>>>
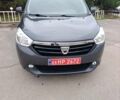 Сірий Дачія Лоджі, об'ємом двигуна 1.5 л та пробігом 220 тис. км за 8300 $, фото 2 на Automoto.ua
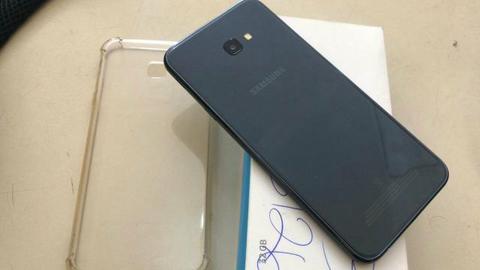 Galaxy j4+ 32gb Novo na Garantia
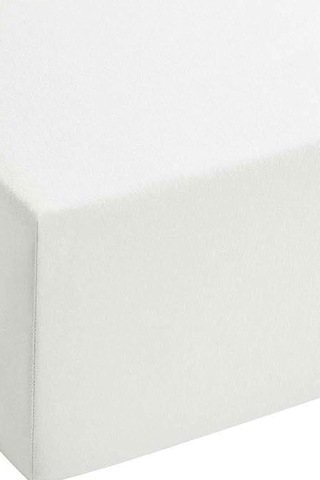 100 X 200 Cm Düz Pamuklu Tek Kişilik Lastikli Fitted Penye Çarşaf Çok Renkli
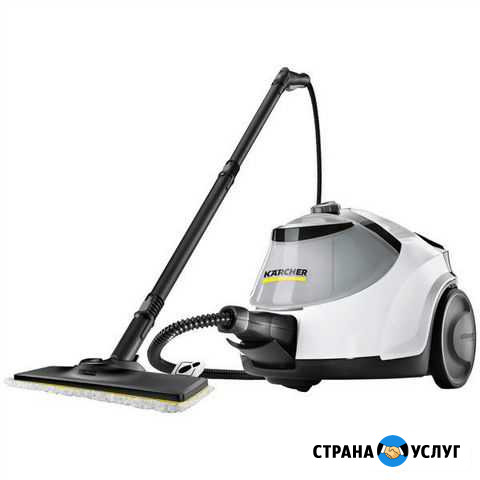 Аренда пароочистителя, пылесосы фирмы Karcher Екатеринбург - изображение 1
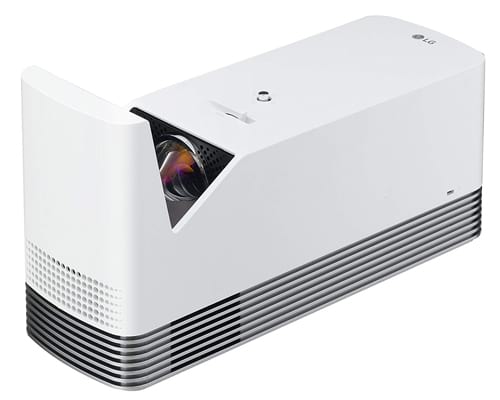 LG HF85JA Ultra Short Throw Laser Smart Home Theater CineBeam Projector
<<<
### What you will do
Everything in the entries except the images must be copied exactly.

### Exercise answer
 Сірий Дачія Лоджі, об'ємом двигуна 1.5 л та пробігом 220 тис. км за 8300 $, фото 2 на Automoto.ua
 Galaxy j4+ 32gb Novo na Garantia
 100 X 200 Cm Düz Pamuklu Tek Kişilik Lastikli Fitted Penye Çarşaf Çok Renkli
 Аренда пароочистителя, пылесосы фирмы Karcher Екатеринбург - изображение 1
 LG HF85JA Ultra Short Throw Laser Smart Home Theater CineBeam Projector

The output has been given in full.